On my System, it seems that all LXC Containers have this ownership:

• User: 100000
• Group: 100000 (lxc_shares)

Doesn't this pose a particular Risk ? Can we be sure that a User "escaping" what is essentially a chroot cannot "jump" into another Container ?

Not sure about the practicalities (particularly if they are read-only and/or different Mountpoints) but IIRC Programs like rsync by default do NOT follow symlinks and this was one of the Reasons why. Cannot something similar occur in this Scenario ?

b. Shared /dev/net Mountpoint
This is required for e.g. running Podman Rootless within a LXC Unprivileged Container.

Since all Containers share the /dev/net Mountpoint, cannot a compromised LXC unprivileged Container escape like this and affect the other Containers ?

How to solve

As I see it, the fix is relatively trivial.

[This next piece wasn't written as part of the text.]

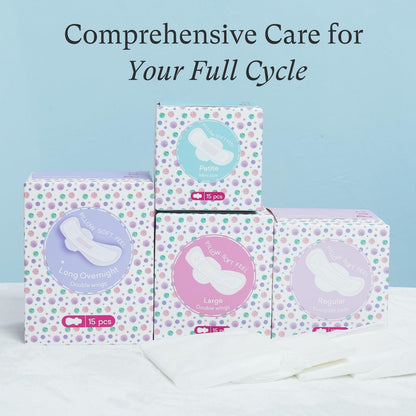 PurComfy Teen Period Pads mit Flügeln für Tweens – Bio-Baumwoll-Binden für Mädchen 9-14 Jahre, Mini Petite, 15 Stück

Just use a separate UID/GID Block for all LXC Containers and call it a Day. I do this already for Podman within LXC, but in that Case I only remap the podman User within the LXC Container to e.g. a forgejo User on the Host. For the next LXC Container I choose a different Host Username & UID/GID to remap to.

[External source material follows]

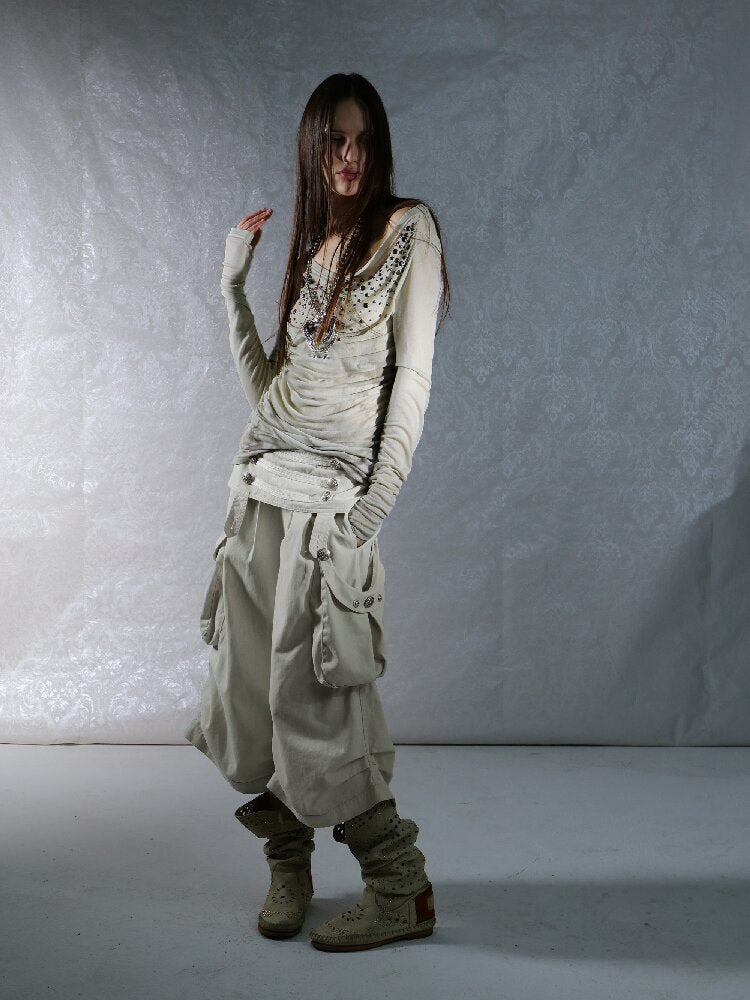 Vintage Low Rise Cargo Cropped Pants【s0000015906】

But I guess that the same concept should be extended for the whole UIDMap / GIDMap from Host -> LXC Container. Not sure what the practical Limits are, but couldn't we remap an entire 200000 Block per each Container.

Since subuid / subgid are most likely limited to the Range 0-4.294.967.295, even when assigning 200.000 subuid / subgid for each LXC, you would need to run more than 21.474 LXC Containers (more than twenty thousand !) on a single Host before running out.

Why is this not the default though ? Wouldn't this achieve better Security by further isolating the Containers (between themselves) ?

 

[silverstone]

Bump

 

[bitranox]

by default all unprivileged containers map to the same host range (typically 100000:65536). The actual isolation relies on multiple kernel layers, not just
UIDs:

1. Mount namespaces: each container has its own filesystem view. A process inside container A literally cannot see container B's mount tree.
2. PID namespaces: processes in one container can't signal or ptrace processes in another.
3. AppArmor/seccomp profile: restrict syscalls that could be used for escape.
4. cgroup v2 device controller: restricts which devices a container can access.

So the scenario you're worried about requires first breaking out of the mount namespace (a kernel-level escape), and then having matching UIDs to access another container's files. The shared UIDs make the second step trivial if the first succeeds, that's the problem.

Regarding symlinks and bind mounts: Symlinks inside a container resolve within that container's mount namespace, so a symlink to /etc/shadow stays within the container. However, if two containers have bind mounts to the same host directory (shared storage), then bingo, both containers' processes run as the same host UIDs and can freely read/write each other's files in that shared path. This is by design for shared storage, but it means a compromised container with a shared mount can tamper with another container's data without any namespace escape at all.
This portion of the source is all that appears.